Business Community Adds New Face to Campaign to Empower
Small Donors and Ordinary Citizens
NEW YORK, Oct. 25, 2012 /PRNewswire-USNewswire/ -- New York business leaders believe the state's current campaign finance rules benefit major donors at the cost of ordinary citizens– and overwhelmingly want the system reformed, according to a first-of-its-kind survey. Today in Manhattan, the Committee for Economic Development (CED) released results of a Zogby Analytics poll of 300 New York State business leaders. Poll results show that New York business leaders broadly support state campaign finance reform:
- 70 percent of respondents support major changes in the way election campaigns are financed. 88 percent overall support making changes of some kind.
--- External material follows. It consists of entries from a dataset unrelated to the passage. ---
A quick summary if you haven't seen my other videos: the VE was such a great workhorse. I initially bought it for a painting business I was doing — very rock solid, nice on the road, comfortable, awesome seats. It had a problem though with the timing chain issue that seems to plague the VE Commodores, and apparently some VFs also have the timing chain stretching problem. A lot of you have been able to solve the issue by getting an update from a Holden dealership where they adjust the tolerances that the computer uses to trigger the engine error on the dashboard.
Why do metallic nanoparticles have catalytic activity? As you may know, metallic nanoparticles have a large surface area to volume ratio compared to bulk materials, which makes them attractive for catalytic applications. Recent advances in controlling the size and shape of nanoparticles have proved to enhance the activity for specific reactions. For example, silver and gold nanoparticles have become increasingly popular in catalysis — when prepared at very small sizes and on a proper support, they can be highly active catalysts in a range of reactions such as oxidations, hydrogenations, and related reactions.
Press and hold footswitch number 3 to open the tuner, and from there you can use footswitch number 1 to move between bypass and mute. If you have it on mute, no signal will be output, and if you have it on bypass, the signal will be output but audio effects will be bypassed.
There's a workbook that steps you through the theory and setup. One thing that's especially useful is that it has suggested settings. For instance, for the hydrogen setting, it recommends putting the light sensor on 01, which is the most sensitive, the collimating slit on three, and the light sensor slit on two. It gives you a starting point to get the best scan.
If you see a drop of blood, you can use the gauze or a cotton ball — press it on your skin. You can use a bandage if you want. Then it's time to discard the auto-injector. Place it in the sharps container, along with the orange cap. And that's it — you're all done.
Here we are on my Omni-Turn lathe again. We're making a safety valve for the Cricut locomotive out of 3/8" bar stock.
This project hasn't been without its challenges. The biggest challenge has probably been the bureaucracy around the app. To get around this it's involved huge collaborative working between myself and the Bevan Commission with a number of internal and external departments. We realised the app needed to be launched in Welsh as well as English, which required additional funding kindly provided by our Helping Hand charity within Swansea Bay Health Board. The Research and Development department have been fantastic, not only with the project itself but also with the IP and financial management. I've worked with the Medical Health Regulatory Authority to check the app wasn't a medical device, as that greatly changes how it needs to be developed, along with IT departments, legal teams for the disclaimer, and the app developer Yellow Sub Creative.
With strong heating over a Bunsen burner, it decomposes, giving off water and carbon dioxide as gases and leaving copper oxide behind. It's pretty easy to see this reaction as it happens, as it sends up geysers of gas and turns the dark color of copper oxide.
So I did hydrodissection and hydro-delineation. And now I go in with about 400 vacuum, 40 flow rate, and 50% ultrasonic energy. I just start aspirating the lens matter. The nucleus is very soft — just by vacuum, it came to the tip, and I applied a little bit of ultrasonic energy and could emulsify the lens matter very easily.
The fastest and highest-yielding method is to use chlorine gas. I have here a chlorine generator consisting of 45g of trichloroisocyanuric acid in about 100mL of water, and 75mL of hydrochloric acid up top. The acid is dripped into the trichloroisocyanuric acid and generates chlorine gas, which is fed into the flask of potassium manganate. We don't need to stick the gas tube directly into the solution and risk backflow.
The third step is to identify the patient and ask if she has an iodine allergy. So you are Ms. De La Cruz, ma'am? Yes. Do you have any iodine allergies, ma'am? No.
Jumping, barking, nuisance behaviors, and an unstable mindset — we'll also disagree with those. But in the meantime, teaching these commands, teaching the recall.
- 62 percent of respondents believe corporate donations are bad for the political process.
- Nearly 70 percent of respondents believe that elected officials in New York are more concerned with the needs of those who finance their campaigns than average New Yorkers.
The findings add a new facet to the campaign to persuade New York legislators to fix the state's controversial campaign finance system.
"I work with businesses of all sizes on Long Island, and these poll results do not surprise me," said David L. Calone, CEO of Jove Equity Partners. "Our leaders in Albany should be assured that if they take up campaign finance reform in a meaningful way, businesses across the state will be there to support them." Calone is also a member of New York Leadership for Accountable Government (NY LEAD), a group of 95 business and civic leaders who support broad campaign finance reforms.
The poll found overwhelming disapproval among business leaders for New York's current campaign finance laws, which allow individuals to contribute up to $60,800 to an elected official. Among the survey's findings:
- 83 percent of business leaders agree that those who give the most get the most from elected officials in Albany.
- Nearly 70 percent of business leaders believe that political contributions from corporations and labor unions have the most influence over a candidate.
- Only 15 percent of business leaders surveyed believe that corporate contributions are good for the political process.
- The Zogby poll also found that business leaders support the central principles of a small donor matching system, similar to that in use in New York City for more than two decades:
- 82 percent of business leaders support creating a system that encourages candidates to fund their campaigns through a broad base of small dollar donors. Only 8 percent surveyed would oppose such an effort.
- 72 percent of business leaders support creating a public financing system that gives citizens the incentive to give small dollar contributions.
"Special business interests make political donations for one purpose- to influence governments to do their bidding," said Jonathan F. P. Rose, President of Jonathan Rose Companies and member of NY LEAD. "Without campaign finance reform, democracy is at risk."
"Business leaders in the state are ready to support thoughtful reforms to our campaign finance system," said Jane Sherburne, BNY Mellon General Counsel and member of NY LEAD. "The new poll demonstrates that they will stand behind legislators who are willing to take serious steps towards making our elections more transparent, fair and competitive."
On the influence of money in politics in Albany, the poll found that business leaders' views are almost identical to those of the public: "There's broad agreement between business leaders and the general public. Everyone wants meaningful reforms. Albany needs to implement small donor matching, reduce contribution limits, increase transparency, put in place fair and nonpartisan enforcement of the rules, and close loopholes," said Kelly Williams, an attorney at the Brennan Center for Justice.
"Business leaders are concerned about the effect of current fundraising practices because they believe the system as it exists does not serve the public's best interest or the interests of the business community," said Mike Petro, Acting President of CED. "Ultimately, it's about competition and thoughtful business leaders recognize that innovation in business and progress on job creation does not come from pursuing short-term gains in a pay-to-play culture, but through competition and innovation in an open marketplace."
CED is a non-profit, non-partisan business-led public policy organization. CED conducts research on major economic and social issues and actively informs and engages the business community in an effort to achieve policy reform for the good of the nation. Membership is made up of some 200 senior corporate executives and university leaders who lead CED's research and outreach efforts.